4. I'm a crossword nut.  I love the dual logic and vocabulary challenge (and punny clues) of crossword puzzles.  And I don't mean the Dell or PennyPress crap.  Go for the good stuff in Games Magazine or the NYT.  I always work the puzzles (in ink) in the in-flight magazine (Delta switched to licensing Games Magazine puzzles a few years ago.  Yay!), and I'm particularly smug if I can get it finished before takeoff.  If someone has butchered the puzzle in the magazine in my seat, I will ask the flight attendant for a fresh copy.

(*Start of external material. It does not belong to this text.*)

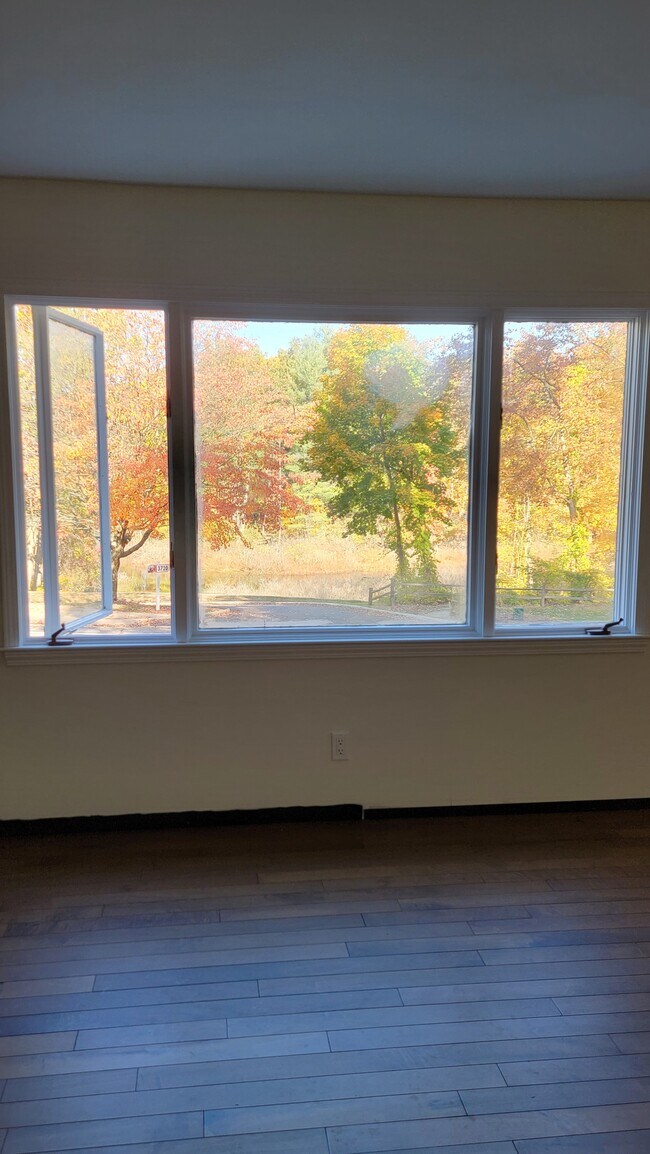 Ventanal del salón, con vistas al norte. - 3705 Winchell Ave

I've been called a sudoku fiend, too, but sudoku rapidly lost its luster for me once I figured out the rule set and how to visualize the "exclusion masks" to see what positions are still available for a number.  Sudoku exercises only logic, whereas crosswords can actually expand your vocabulary and general knowledge.

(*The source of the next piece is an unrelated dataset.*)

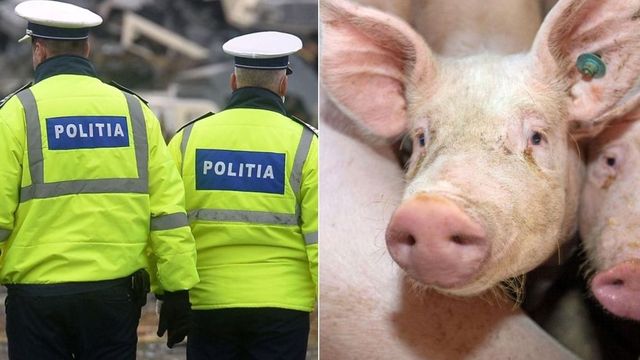 Mai mulți polițiști din Giurgiu au făcut cereri pentru a primi porci de Crăciun în funcție de vechime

Actually I guess I should own up to being a pretty voracious gamer in general.  Competitive, strategy stuff - cards, boardgames, computer games.  Not so much role playing games like Magic: The Gathering or Everquest.  More like Hearts (yes I count cards), Quiddler, Settlers of Cataan, Twilight Imperium.  Anyone remember Infocom?  Starcross, Zork, Leather Goddesses of Phobos?

5. Mach 2.1, baby.  1440 miles per hour at 55 thousand feet is my career best (thus far).  I mention this just to irritate Nick Hodges.

It is now with great glee that I pass the tagging torch to Brian Long, Chuck Jazdzewski, David Lock, Brad Abrams, and Siebe "Inky" Tolsma.  Tag, you're it!